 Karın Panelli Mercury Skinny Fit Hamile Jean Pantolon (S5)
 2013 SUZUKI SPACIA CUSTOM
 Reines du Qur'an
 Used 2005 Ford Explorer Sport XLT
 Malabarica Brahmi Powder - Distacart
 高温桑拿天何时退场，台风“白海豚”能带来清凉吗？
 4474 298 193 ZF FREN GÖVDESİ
---
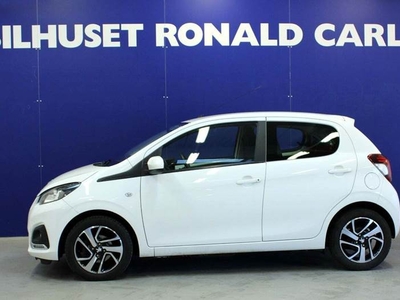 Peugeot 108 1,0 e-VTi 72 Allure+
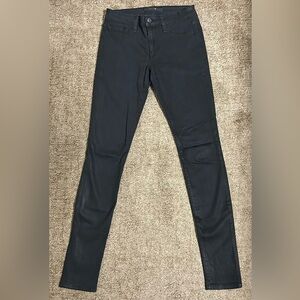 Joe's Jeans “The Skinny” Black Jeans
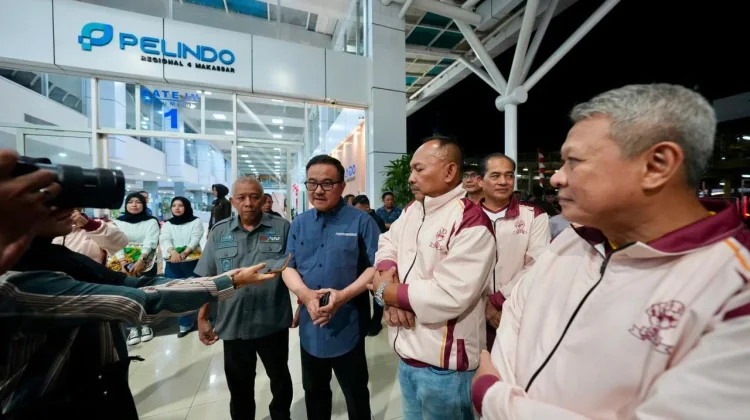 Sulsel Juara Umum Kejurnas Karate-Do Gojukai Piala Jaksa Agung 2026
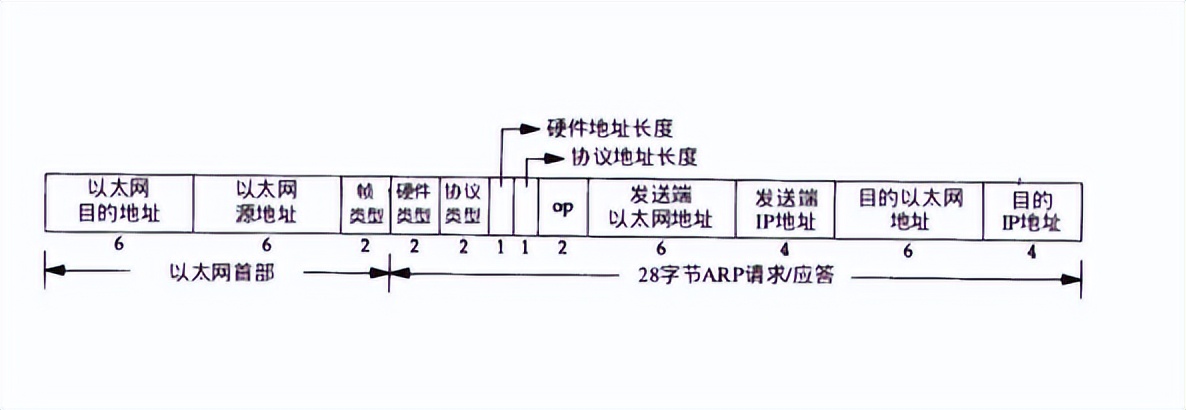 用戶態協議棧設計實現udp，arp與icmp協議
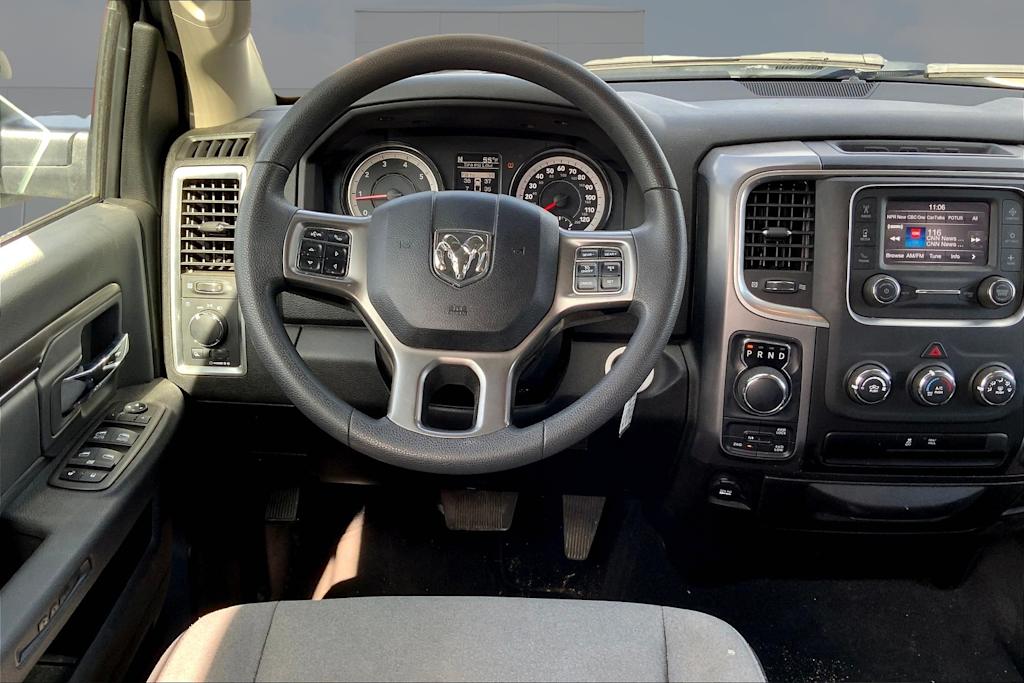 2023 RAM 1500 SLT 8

WORK INSTRUCTIONS:
Above are some lines. Repeat exactly, and only, those from the line that has "Karın Panelli Mercury" through the line that has "4474 298 193 ZF FREN GÖVDESİ".

ANSWER FOR THIS EXERCISE:
 Karın Panelli Mercury Skinny Fit Hamile Jean Pantolon (S5)
 2013 SUZUKI SPACIA CUSTOM
 Reines du Qur'an
 Used 2005 Ford Explorer Sport XLT
 Malabarica Brahmi Powder - Distacart
 高温桑拿天何时退场，台风“白海豚”能带来清凉吗？
 4474 298 193 ZF FREN GÖVDESİ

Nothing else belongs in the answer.